It is indeed different, but I suppose that given my background in the RP's I still don't see it as being an issue. Here is a link to a picture of 1500 people at the RP International Conference 2004 singing unaccompanied Psalms exclusively 

I understand what you are saying though if you were to consider a 2000 member congregation giving up their instruments and trying to sing unaccompanied. It would require some co-ordination. Of course, many of the modern worship songs don't lend themselves to being sung unaccompanied and so they would have to transition to Psalms only at the same time 

Matt

PS. I forgot the link - here 'tis - http://www.reformedpresbyterian.org/act_conferences_international.html

[Edited on 8-9-2005 by Matthew Glover]

[Edited on 8-9-2005 by Matthew Glover]


----------



## Augusta (Aug 8, 2005)

When we worship, the invisible church that is, we are transported in the Spirit to the heavenly temple not made with hands. 

Acts 17:24-25
24 God, who made the world and everything in it, since He is Lord of heaven and earth, does not dwell in temples made with hands. 25 *Nor is He worshiped with men´s hands, as though He needed anything, since He gives to all life, breath, and all things.*

When we assemble we are in the company of angels and all the other saints wherever they may be. That is why we need only our voice to join with theirs. We need nothing but what God has given us. It is so simple. All of this nitpicking seems to me to be a lot of fist clenching and foot stomping to get what we want in the service because we think it would be too dull otherwise. 

Hebrews 12:22-24
22 But you have come to Mount Zion and to the city of the living God, the heavenly Jerusalem, to an innumerable company of angels, 23 to the general assembly and church of the firstborn who are registered in heaven, to God the Judge of all, to the spirits of just men made perfect, 24 to Jesus the Mediator of the new covenant, and to the blood of sprinkling that speaks better things than that of Abel.

Again the worship service which included all of the elements is for God's glory not ours. What we want does not matter. If it sounds bad to our ears that means nothing. God doesn't care about the actual sound, he is pleased by our obedience and self-sacrifice. That we would do something out of obedience with no thought to self but love for Him and love for his commandments and precepts.


----------



## Dan.... (Aug 8, 2005)

Two questions:

1. What is "lining the psalms"???

2. (Specific to the instrument-tolerant side) What about instrumental music (without singing) accompany the collection of the tithe/offering or the distribution of the Lord's Supper? Can any argue that such is circumstance in the same manner as lights and microphones? If it is not aiding in the singing of psalms and hymns, is it lawful?


----------



## VirginiaHuguenot (Aug 8, 2005)

> _Originally posted by fredtgreco_
> Andrew,
> 
> The heart and skill are two different matters. Of course any congregation could sing heartily without any accompaniment.

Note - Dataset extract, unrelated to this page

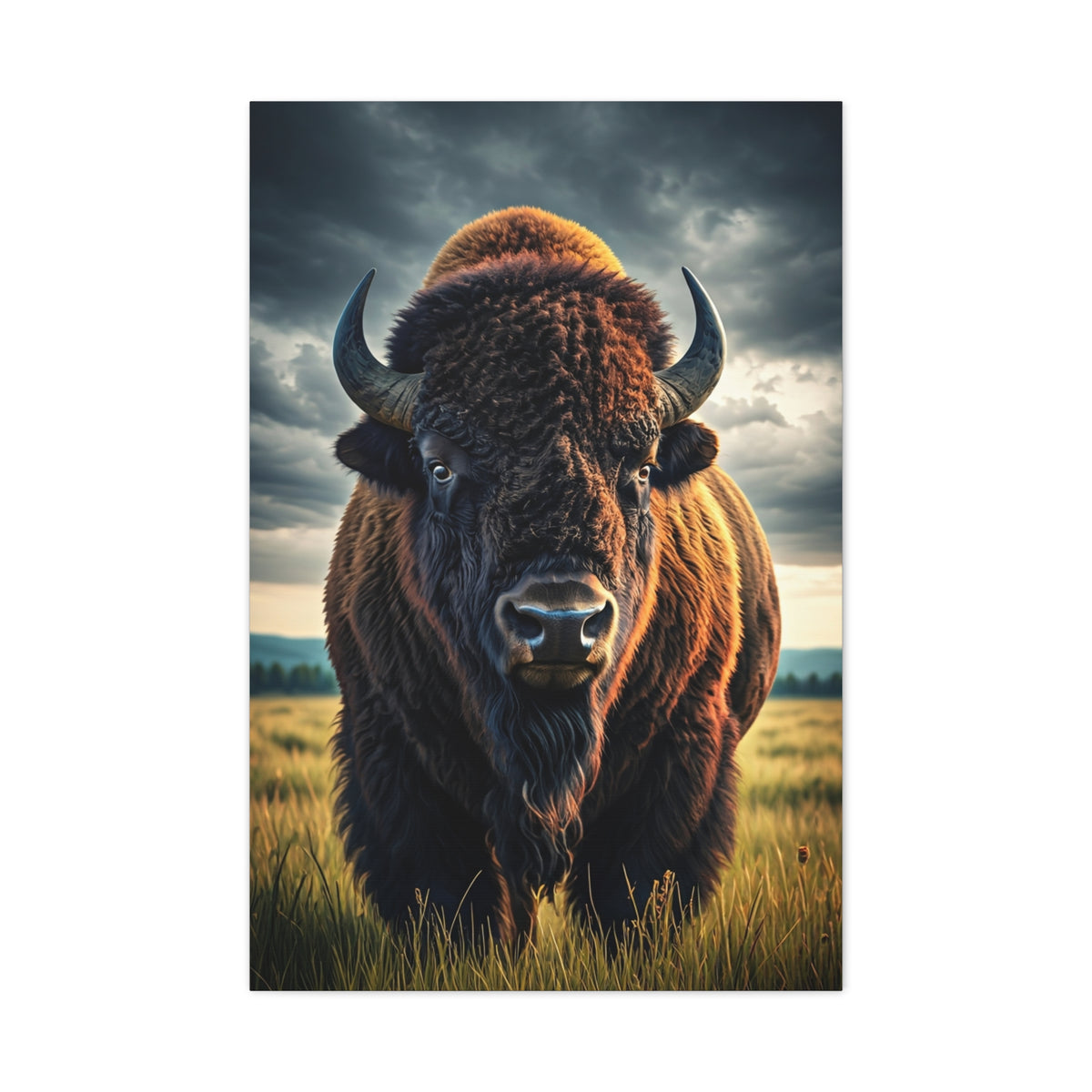 Bison Under Storm Clouds Prairie Portrait Wall Art & Canvas Print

But that does not mean that any congregation can do this. I would respectfully say that your experience with "acapella congregations" is not the norm. For the most part, such congregations have great experience singing acappella, and have several singers who not only have excellent talent, but have been singing the same metrical psalms for decades. And again, to be honest, such congregation are almost invariably small enough that 3-4 singers can "carry" the entire congregation (i.e. about 100 or less).



I think my experience with a cappella congregations is fairly extensive, and I would again assert that a cappella singing is not difficult. On the contrary, it is the simplest form of singing that there is and, frankly, the most beautiful. The human voice, it has been said, is the greatest musical instrument ever "invented." Even when I hear bad vocal sounds (as I do in fact whenever I myself sing) I am not in the least moved to consider the expedient of instrumental accompaniment. The technical quality of a cappella song is not the chief goal in worship. Whether the group is small or large (I have heard a cappella psalm-singing in both contexts) and whether the talent/skill level is high or low, who cannot be inspired when they hear the words indited by God's Holy Spirit sung to his praise? All a cappella psalm-singers aim to sing God's praise joyfully and tunefully, in that order. 

There are lawful aids to a cappella singing, including a precentor, a pitch pipe (which we never use), notes from the tunes found in the psalter, the sounds of others in the congregation singing along as best as they can, personal training and experience. If children can do it, there is simply no reason why the average adult can't sing a cappella. 



> It should also not be forgotten that even the "helpful" practice of lining the psalms is so controversial that it has caused fractures in fellowship (both by those who _insist_ that it be done, and by those who say it _must not_ be done) among those who agree on just about everything else (including EP and no-instruments).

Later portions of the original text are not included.